Pour lui, la notion fondamentale est celle du caractère discontinu des transformations, dans lesquelles une substance passe d'une structure moléculaire à une autre. Ces formes sont dites mésomorphes.
« Ce qui caractérise les corps de Lehmann, ce n'est pas leur état plus ou moins fluide. Ce sont leurs structures, extrêmement particulières, d'un petit nombre, toujours les mêmes. Tout ce qui va suivre mettra en évidence, je l'espère, que les corps signalés par Lehmann constituent deux formes entièrement nouvelles de la matière, séparées sans aucune exception de la forme cristalline et de la forme amorphe (liquide isotrope) par des discontinuités, de même que la forme cristalline et la forme amorphe sont séparées entre elles, sans exception, par une discontinuité. »
L'ordre moléculaire diffère d'une phase à l'autre pour un même corps, l'observation met en évidence les défauts de la structure. Dans les nématiques, ils apparaissent comme des fils qui nagent dans le cristal liquide. Les molécules sont orientées en moyenne parallèlement à une direction, sans qu'il y ait répartition en couches. Dans les smectiques, ils prennent une étonnante géométrie de domaines focaux. Les molécules sont réparties en couches parallèles ; leur axe optique est normal au plan, et elles sont tournées d'un angle quelconque autour de cet axe. Si les cholestériques montrent des propriétés proches de celles des smectiques (coniques focales, couleurs chatoyantes), il les rapproche des nématiques tout en les distinguant. Dans les nématiques et les cholestériques, l'absence de diffraction aux rayons X montre que la distribution spatiale des molécules est quelconque. Mais ses expériences lui permettent d'interpréter les propriétés optiques des cholestériques comme étant dues à la dissymétrie des molécules sur leur axe (chiralité), ceci générant des défauts de torsion dans la substance. Toutes ces interprétations remarquables sont nées de l'observation au microscope polarisant.
En référence aux défauts observés dans les fluides cristallins, il nomme cette phase « nématique » (du grec νῆμα, nêma, « fil »). Les cristaux liquides étant structurellement semblables aux formes que prend le savon en solution, cette phase est nommée « smectique » (du grec σμῆγμα, smêgma, « savon »).
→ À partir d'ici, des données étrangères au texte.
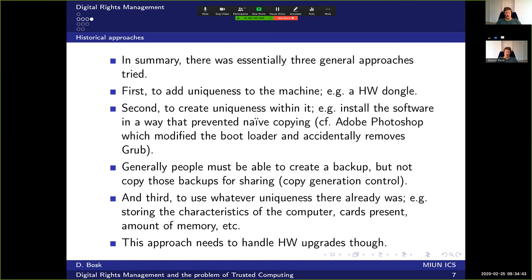The first approach was to add uniqueness to the machine — for instance, a hardware dongle. Many programs came with a hardware dongle that you needed to connect to the computer. The program talked to this dongle to make sure it was connected, and the program wouldn't run without it. You got as many dongles as copies purchased, so one copy meant one system at a time.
« J'appellerai smectiques les formes, corps, phases, etc. du premier type (une partie des Fliessende Kr., Schleimig flüssige Kr. de Lehmann : liquides à coniques), parce que les savons, dans les conditions ordinaires de température, sont de ce groupe, et que les oléates de potassium, en particulier, ont été les premiers corps de ce genre signalés. J'appellerai nématiques les formes, phases, etc. du second type (Flüssige Kr., Tropfbar flüssige Kr. de Lehmann : liquides à fils) à cause de discontinuités linéaires, contournées comme des fils, qui sont leurs caractères saillants. »
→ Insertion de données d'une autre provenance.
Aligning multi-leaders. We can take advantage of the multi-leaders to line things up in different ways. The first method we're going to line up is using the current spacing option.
La même espèce chimique peut présenter, dans des domaines de température différents, des phases cristalline solide, smectique, nématique et liquide isotrope. Georges Friedel refusait le terme « cristaux liquides », il préférait « stases mésomorphes » ; mais le terme original est resté.
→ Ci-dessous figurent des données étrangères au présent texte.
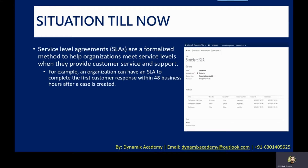Let us first see what are SLAs or service level agreements. SLAs are a formalized method to help organizations meet service levels and provide customers service and support. For example, an organization can have an SLA to complete the first customer response within 48 business hours after a case is created in the system. Basically, SLAs are the commitment or assurance that you are providing to the customer that you will deliver your services or support in a given time.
« Je désignerais sous ce nom (les états mésomorphes de la matière) les états particuliers que présentent les corps signalés par Lehmann à partir de 1889 sous le nom de cristaux liquides ou fluides cristallins. Sur la foi de ces dénominations, très malheureuses mais sans cesse répétées depuis trente ans, beaucoup de gens s'imaginent que les corps si curieux sur lesquels Lehmann a eu le grand mérite d'attirer l'attention, mais qu'il a eu tort de mal nommer, ne sont autre chose que des substances cristallisées, différant simplement de celle qui étaient antérieurement connues par leur degré plus ou moins grand de la fluidité. En fait, il s'agit de tout autre chose d'infiniment plus intéressant que ne seraient de simples cristaux plus ou moins fluides. »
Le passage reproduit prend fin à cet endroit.